I wouldn't trade my mule ride down to Phantom Ranch for anything. If they want to cut cars from entering Grand Canyon National Park, cut down on the number of mule trains and hiking permits they can, but the park will just become even more exclusive. Back in '92 when I rode down it cost over $100 for one night af Phantom ranch (I forget how much) and we had to make our mule reservations over a year in advance.  And this is just a typical family from inside the USA. But when we got to the Grand Canyon, we were amazed by the vastness of visitors from all over the world. Limiting or eliminating Mules/visitors/cars might be better for the environment but at the same time so sad that less people would be able to enjoy the Park in their lifetime. But if they do cut down, only the more affluent or hopefully more eco-minded people would go, making the overall park quality better long term. I hate to see ignorant people littering at such a beautiful place.  I say keep the mules, but keep out people without common sense.

I've hiked down and I've ridden down. The ride is breathtaking because you can enjoy the scenery and take photos without having to mind your step. You are also able to enjoy the view from a higher vantage point. The hike is grand as long as you can afford to take the time to view/record the sights without endangering yourself or losing your footing. That having been said, there are other trails that a hiker can take that aren't used by the mules.

Just remove hikers from the Canyon would also solve the problem since the great majority of mule support and helicopter rescues are for hiker benefit. Ex Superintendent Steve Martin would like your argument better. He may even like my argument as long as he has his raft trips and personal mule rides with Ted Turner:):). Could be a ring of truth to this, LOL!

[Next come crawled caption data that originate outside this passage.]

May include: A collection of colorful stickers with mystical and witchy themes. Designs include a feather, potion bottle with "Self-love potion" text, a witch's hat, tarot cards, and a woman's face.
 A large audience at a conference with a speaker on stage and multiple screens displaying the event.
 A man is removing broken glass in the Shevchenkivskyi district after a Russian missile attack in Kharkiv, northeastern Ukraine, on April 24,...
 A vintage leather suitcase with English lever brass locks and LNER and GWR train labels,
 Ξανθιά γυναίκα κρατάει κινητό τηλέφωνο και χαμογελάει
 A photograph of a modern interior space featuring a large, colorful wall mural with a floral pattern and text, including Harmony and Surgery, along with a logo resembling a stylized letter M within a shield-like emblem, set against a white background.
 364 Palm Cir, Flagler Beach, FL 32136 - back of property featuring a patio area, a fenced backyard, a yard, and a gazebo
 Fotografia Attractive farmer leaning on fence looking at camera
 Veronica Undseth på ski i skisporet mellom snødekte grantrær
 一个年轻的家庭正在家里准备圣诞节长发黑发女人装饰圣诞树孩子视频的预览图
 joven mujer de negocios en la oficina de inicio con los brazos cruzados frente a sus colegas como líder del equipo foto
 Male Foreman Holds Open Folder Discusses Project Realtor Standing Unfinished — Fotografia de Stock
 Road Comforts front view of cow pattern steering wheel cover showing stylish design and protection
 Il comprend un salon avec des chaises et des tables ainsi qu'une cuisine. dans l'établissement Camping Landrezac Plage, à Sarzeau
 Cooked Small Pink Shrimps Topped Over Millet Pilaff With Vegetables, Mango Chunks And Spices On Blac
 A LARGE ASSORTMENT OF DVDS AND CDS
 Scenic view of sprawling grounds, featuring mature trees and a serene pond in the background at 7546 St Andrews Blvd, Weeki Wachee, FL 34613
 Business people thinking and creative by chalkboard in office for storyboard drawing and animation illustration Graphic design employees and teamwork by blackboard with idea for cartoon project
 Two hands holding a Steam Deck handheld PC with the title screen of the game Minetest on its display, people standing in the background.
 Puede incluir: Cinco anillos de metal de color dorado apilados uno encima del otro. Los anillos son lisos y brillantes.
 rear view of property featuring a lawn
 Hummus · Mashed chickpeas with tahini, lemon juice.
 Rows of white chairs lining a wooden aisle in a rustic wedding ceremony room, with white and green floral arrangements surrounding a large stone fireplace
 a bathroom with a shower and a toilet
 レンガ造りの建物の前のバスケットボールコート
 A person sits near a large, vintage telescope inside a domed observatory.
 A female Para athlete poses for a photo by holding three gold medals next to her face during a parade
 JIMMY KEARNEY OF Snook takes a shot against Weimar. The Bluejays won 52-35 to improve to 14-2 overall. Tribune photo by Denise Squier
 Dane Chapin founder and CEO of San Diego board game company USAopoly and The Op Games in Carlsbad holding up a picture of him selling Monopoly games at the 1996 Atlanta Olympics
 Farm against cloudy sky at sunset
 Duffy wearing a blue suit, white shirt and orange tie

There are usually 12 mules a day delivering supplies for, mainly, hikers such as yourself John and Phantom Ranch which has 13 full time employees which also cater to mostly hikers. Add on NPS mules that also haul supplies for the Ranger Station both there and to Cottonwood. Add on NPS mules and concession mules that do trail work of some kind everyday. As far as paying their way, the surcharge that could be put on every hiker that goes into the Canyon to cover search, rescue and in some cases, retrieval of room temperature hikers would COMPLETELY eliminate hikers altogether from the Canyon it would be so exorbitant. 250 rescues a year exclusively by helicopter at $3000 per hour. Some searches go on for weeks. Occasionally there is a rider that needs to be evacuated. I had one such situation in three years of guiding. I also do a lot of hiking. Some others in my family ride and some are extremely accomplished hikers and outdoorsmen. Knowing both worlds well, in my opinion, I enjoy the Canyon more on a mule. For me there isn't the need to prove to myself that I can do it. I can and have many times. Just by putting your confidence in something other than your own two feet is transformational for most. Some would be afraid to do that. The Canyon is about (what I've seen) breakthroughs and like someone else has said, we ALL have something to learn here.

The dried mule droppings do not bother me, but the puddles of mule urine do emit disconcerting odors (and I do not hike the canyon in waterproof/urine-proof boots). Nevertheless, I will find it upsetting if the the authorities decide that the mules must wear diapers. A mule driver at Phantom Ranch told me that the "powers that be" are talking about requiring diapers on mules.